Au Moyen Age, les populations locales "Valaques"(soit roumaines) et "Slavonnes" (slaves), sont orthodoxes...L'évêché catholique d'Alba Iulia est fondé à cette époque, pour contrer l'orthodoxie. Plus tard, les nouveaux seigneurs Hongrois sédentarisent dans la partie orientale de la Transylvanie des mercenaires, les Szeklers (dits Sicules), colons aux origines incertaines (finnoises ? turques ? mongoles ?), mais de langue hongroise. Devenus eux aussi catholiques, ils prennent en charge la garde des frontières à la place des "Valaques" orthodoxes....Au Moyen Âge, l'aristocratie roumaine (les boyards), sommée de renoncer à l'orthodoxie ou de partir, quitte le pays vers la Moldavie et la Valachie, au-delà des Carpates, ...Jusqu'en 1366 la Transylvanie a connu une organisation politique où, outre l'aristocratie magyare, les "Saxons", les "Szeklers" et les "Valaques" (Roumains de langue latine) étaient représentés à la Diète (Universis nobilibus, Saxonibus, Syculis et Olachis). Ils formaient ensemble un Tiers état (congregatio generalis) pouvant proposer et voter des lois, et être délégué pour prendre des mesures exécutives concernant l'ordre public, les relations entre groupes ethniques et confréries professionnelles, voire les questions militaires.

Mais en 1366, par un autre « Édit de Turda », le roi Louis Ier de Hongrie redéfinit l'accessibilité à la congregatio generalis et à la Diète, désomais conditionnée par l'appartenance à l'Église catholique. Bien que l'édit ne le mentionne pas ouvertement, cela en exclut la majorité orthodoxe roumaine, les Valaques de Transylvanie, population de langue latine. La noblesse roumaine doit se convertir (et se magyariser) ou s'exiler (en Moldavie et Valachie), et les "valaques" orthodoxes sont placés en situation de servage, de soumission . A partir de là, seuls les catholiques, Hongrois, Szeklers (ou Sicules) et Saxons sont reconnus comme "nations" (Unio Trium Nationum de 1438).
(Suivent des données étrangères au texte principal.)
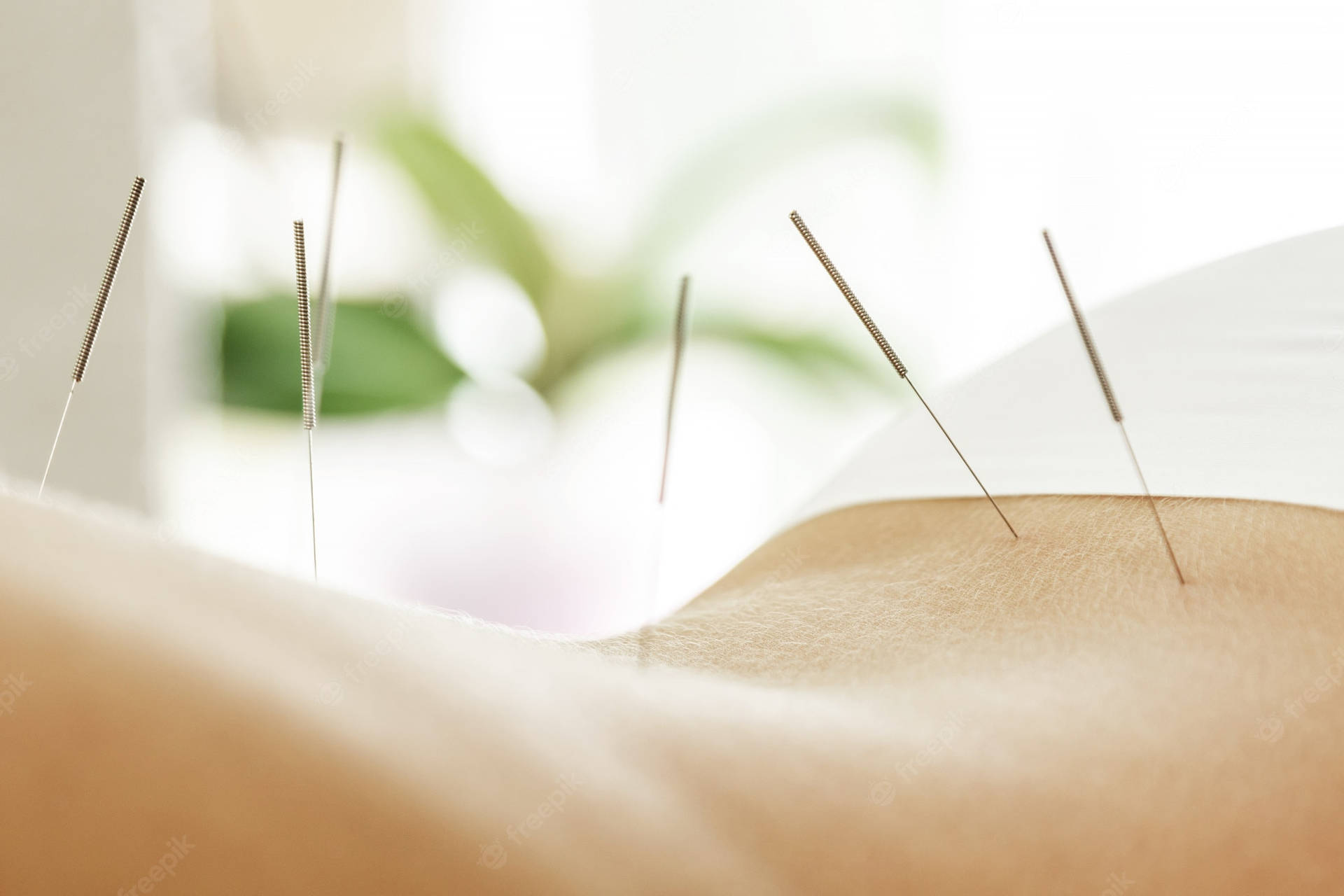 Acupuncturist Wallpaper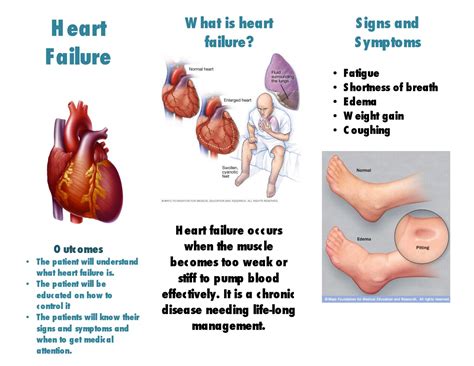 how to educate patients on heart disease jelitaf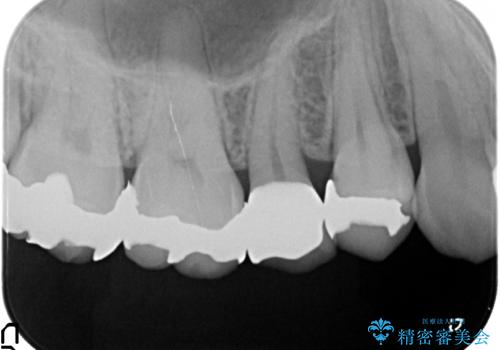 オールセラミッククラウン 銀歯を白くの治療後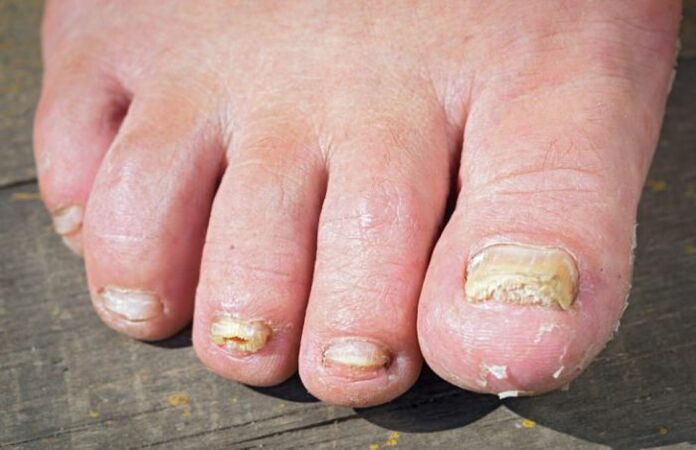 Rubromycosis fungus on the feet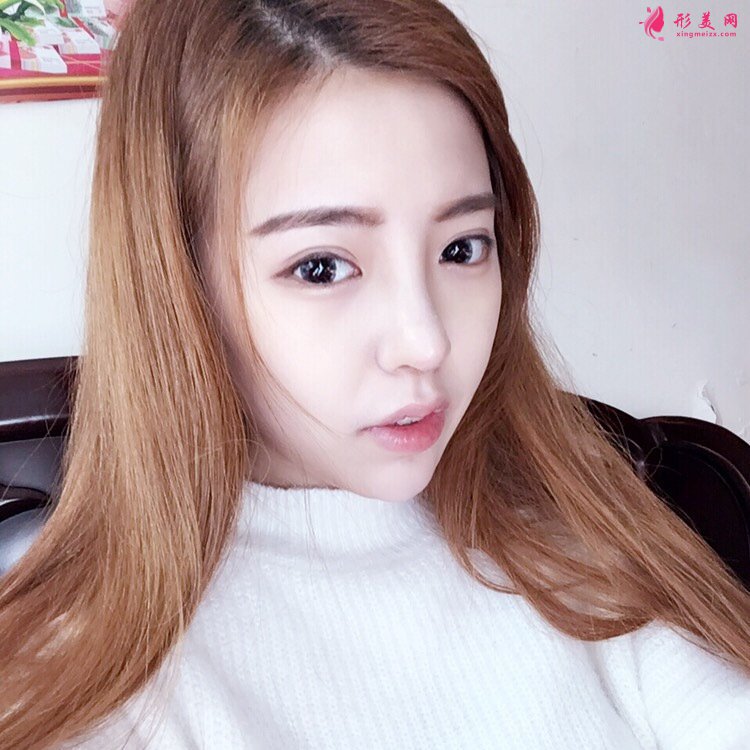 鼻頭鼻翼縮小手術(shù)案例，術(shù)后恢復(fù)全記錄！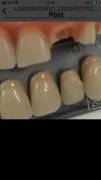 Riparazione protesi dentale immediata Domicilio Festivi su appuntamentoBologna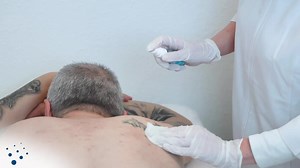 NanoStar lasers are used for tattoo removal, benign pigmented lesions...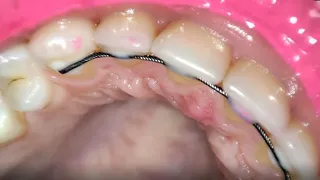 permanent retainers mouth tour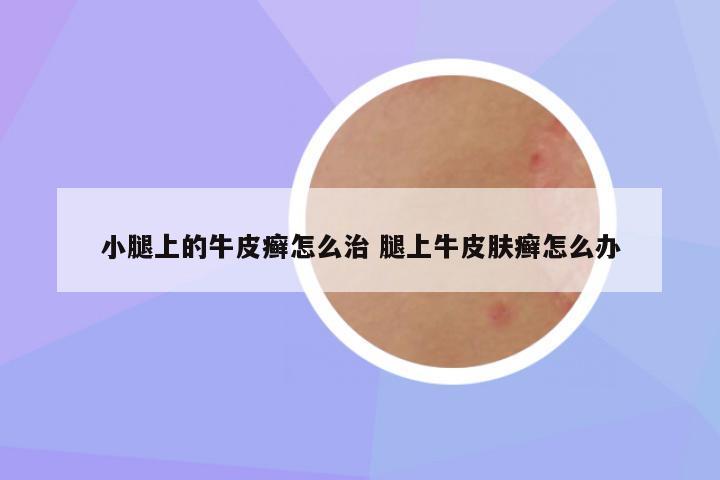 小腿上的牛皮癣怎么治 腿上牛皮肤癣怎么办
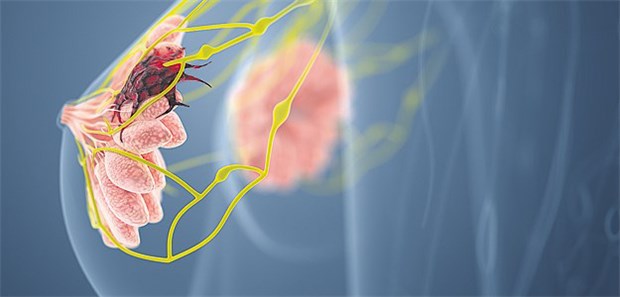 Erweiterte Bestrahlung senkt Rezidivrisiko In der Studie mit Brustkrebs-Patientinnen wurden klare Vorteile der erweiterten Bestrahlungsstrategie nach zehn Jahren festgestellt.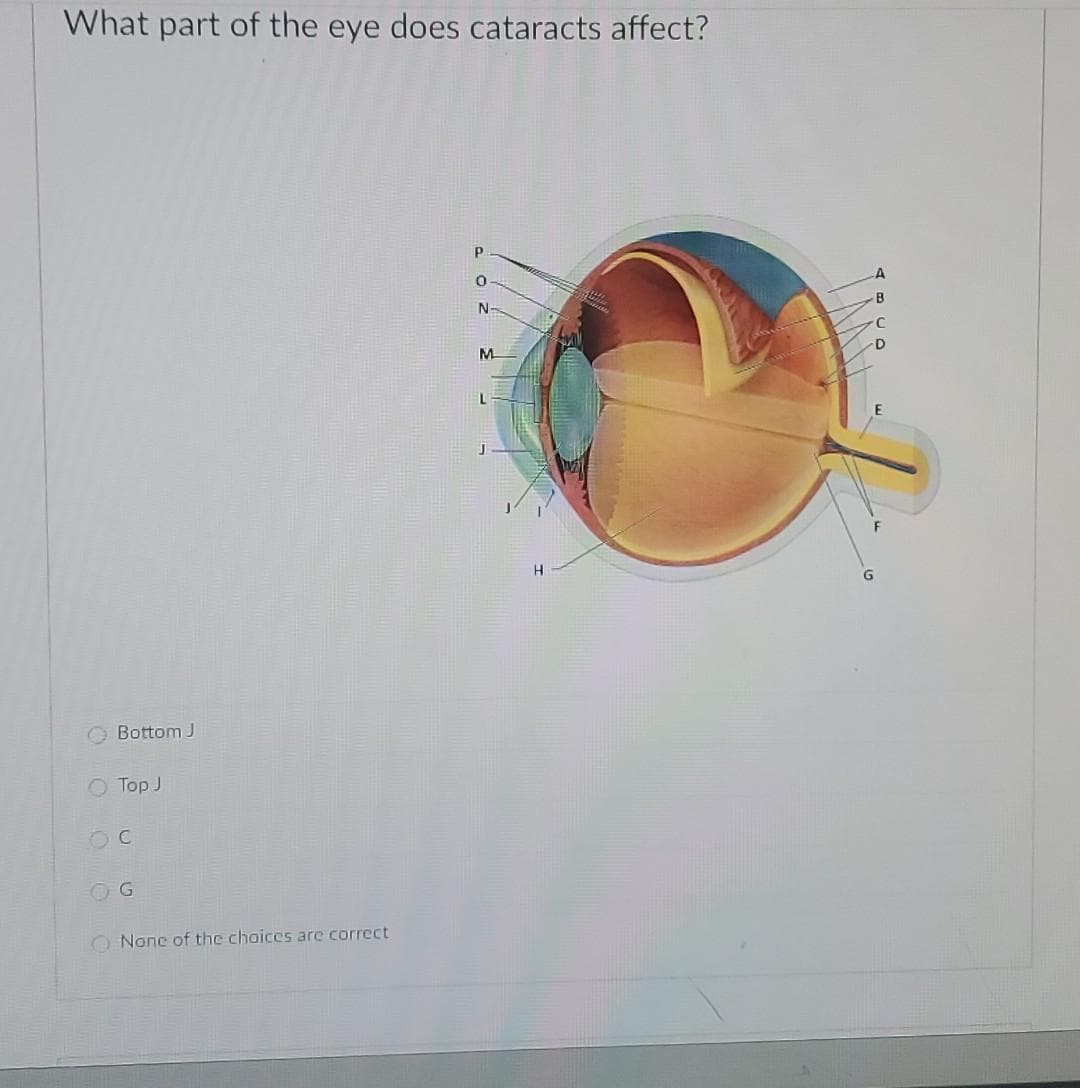 What part of the eye does cataracts affect?
Bottom J
Top J
OC
None of the choices are correct.
P
0
N-
M
H
D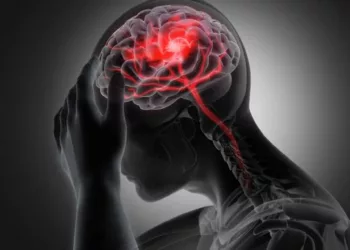 El ataque cerebral se desarrolla como resultado de una acumulación progresiva de factores de riesgo.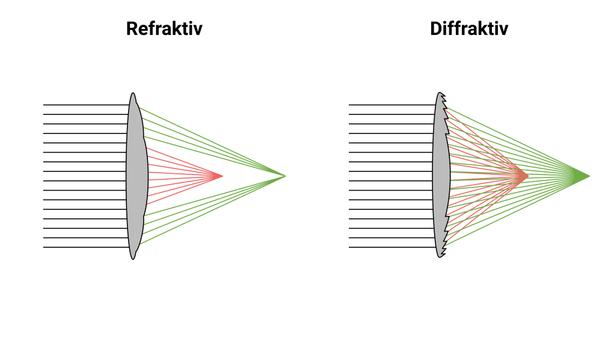 Multifokallinsen: Funktionsprinzip refraktive und diffraktive Linsen
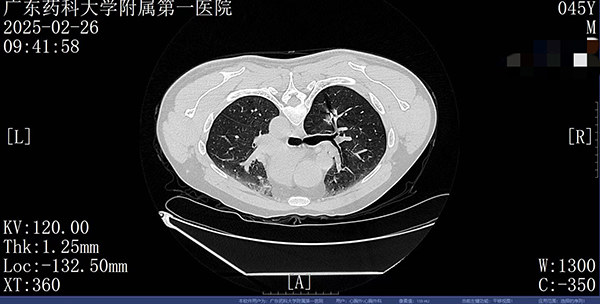 20米高空掉落30cm长螺丝刀直插男子胸腔，广药大附一院多学科成功抢救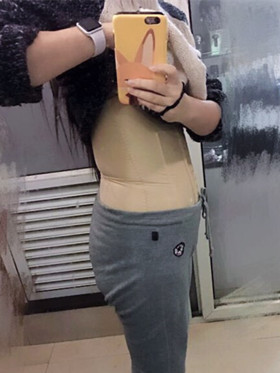腰腹吸脂手術后，我也擁有“小蠻腰”啦!
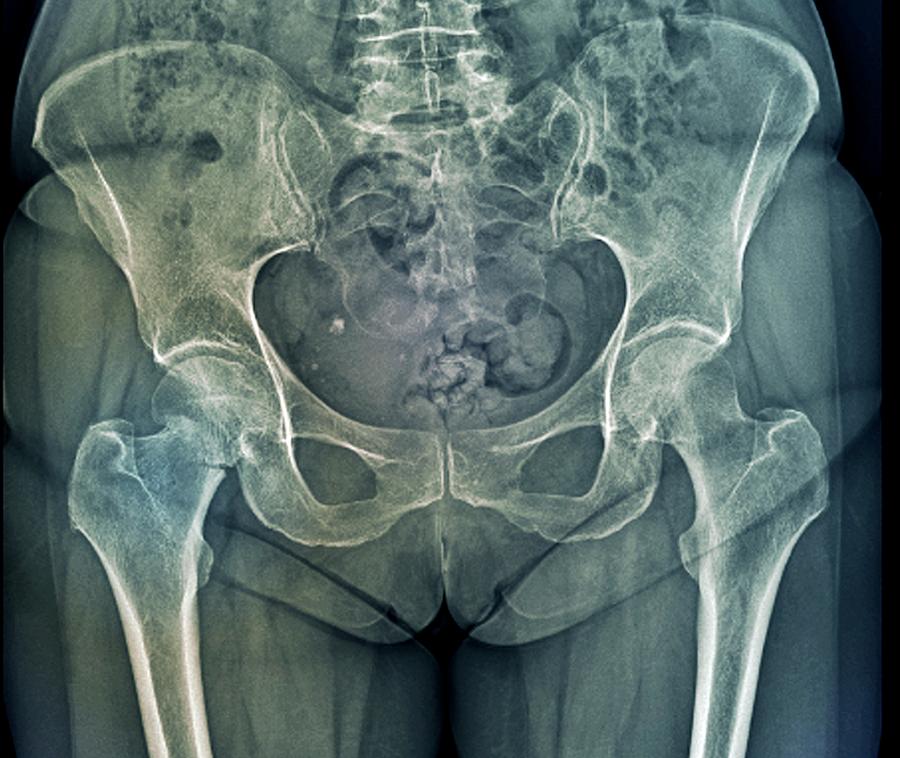 Fracture Photograph - Hip Fracture #1 by Zephyr/science Photo Library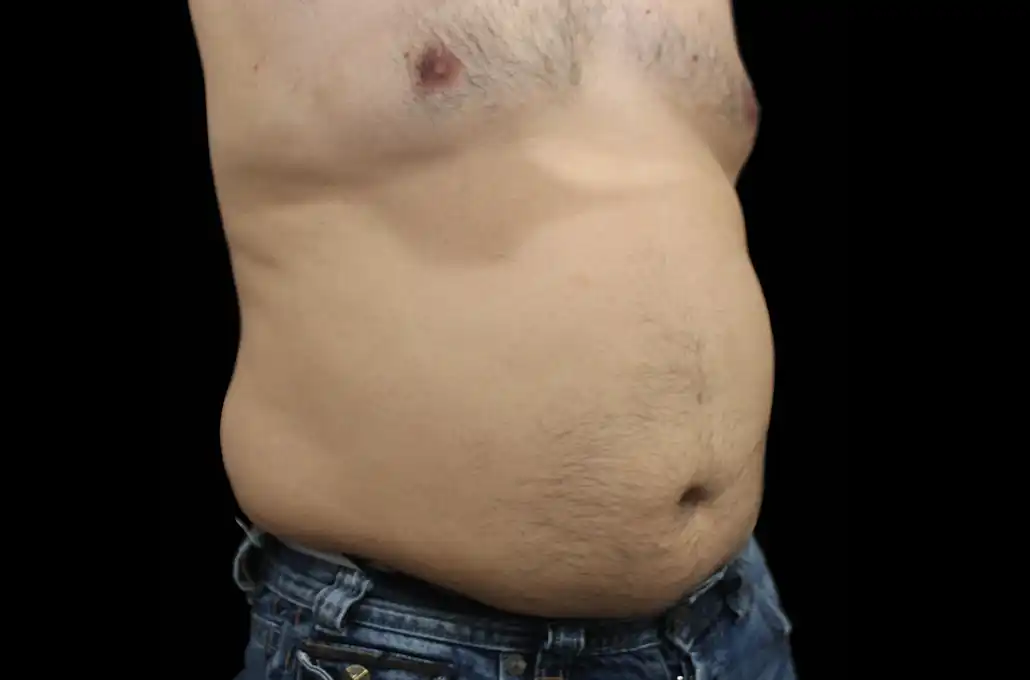 xwave-abdomen3-antes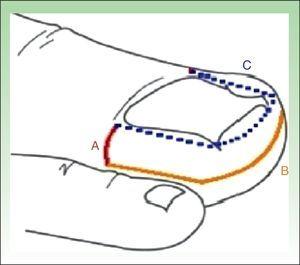 Línea A: línea transversa desde el extremo lateral del pliegue ungueal proximal hasta el límite externo del tejido hipertrófico. Línea B: inicia perpendicular a la primera y paralela a los pliegues ungueales laterales y distal de la uña, terminando en el mismo punto inicial, contralateral. Línea C (punteada): demarca el área a despegar que debe realizarse para completar la exéresis en U.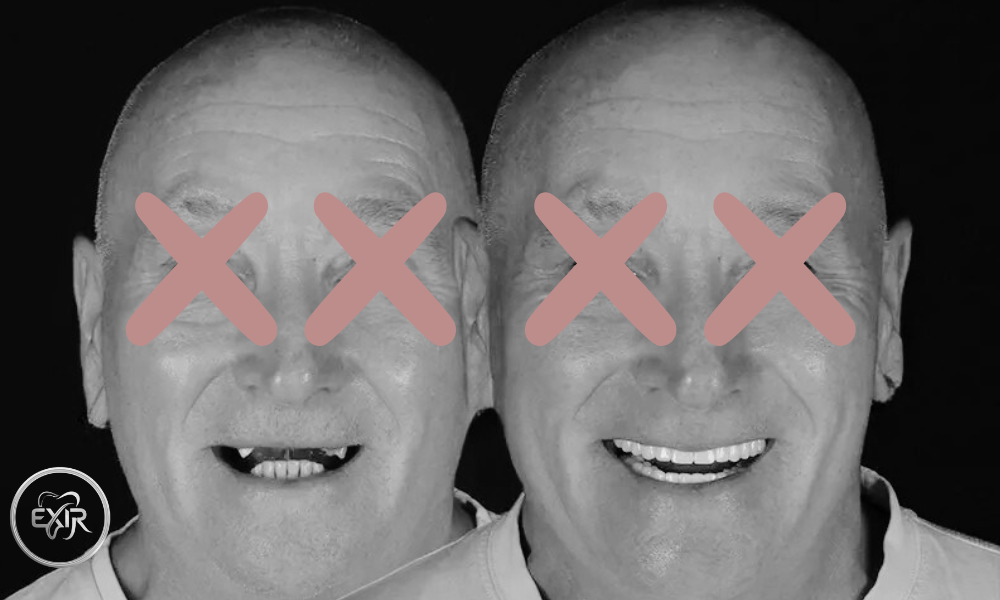 ایمپلنت ساب پریواستیل روی فک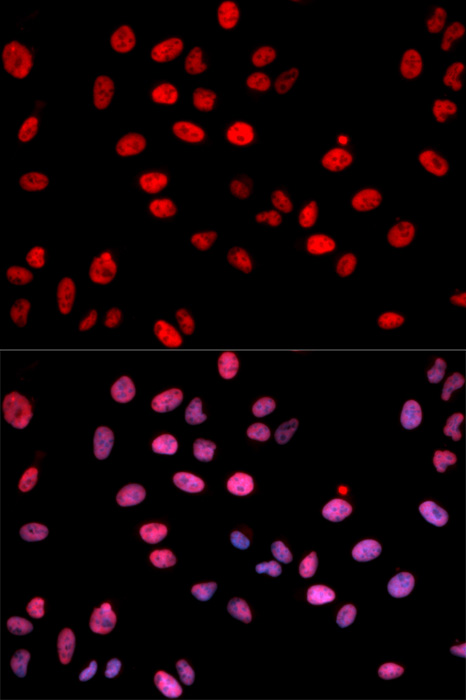 Anti-Phospho-Jun-S243 Antibody (CABP0050)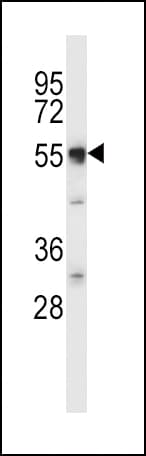 Polyclonal Rabbit anti-Human SLC11A2 / DMT1 Antibody (aa262-291, IF, WB)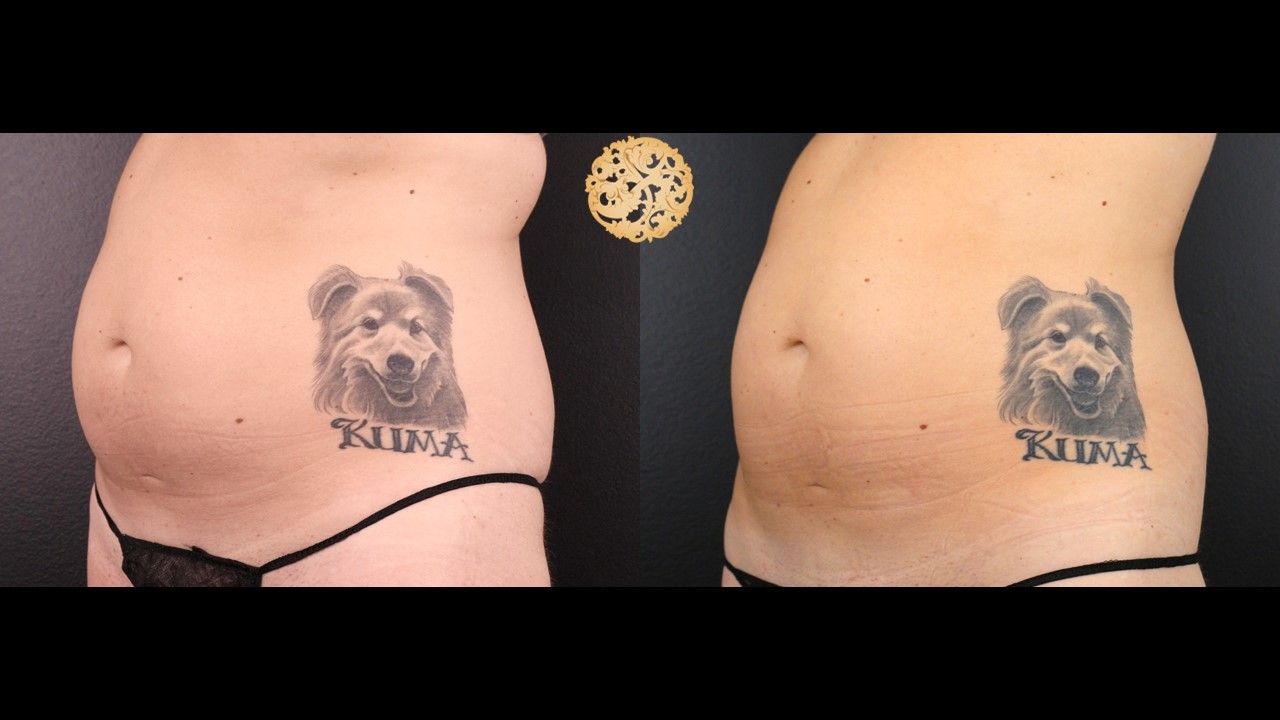 Abdomen Coolsculpting Before & After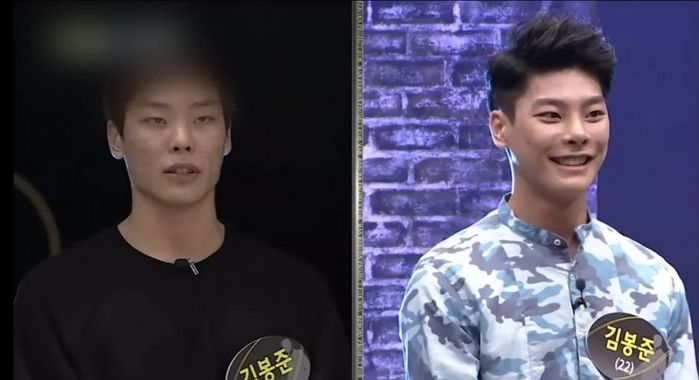 ‘렛미인’ 남성 출연자가 성형 후 월 2천 번 비결...“잘생겨서 나쁠 것 없어요” (영상)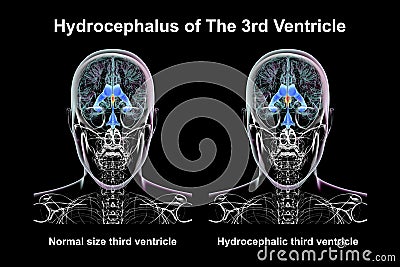 Enlargement of the third brain ventricle, 3D illustration Cartoon Illustration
[1] Source sur la toile  : l'article d'Evangile et Liberté d'André Gounelle d'avril 2004 n° 176

[2] source : www.heraldique-europeenne.org/Regions/Europe_Orientale/Transylvanie.htm - 31k - Principauté de Transylvanie. Pour le détail des relations de pouvoir incessantes entre la Hongrie et les Ottomans, à propos de la Transylvanie, voir le site wikipedia, Transylvanie, principauté.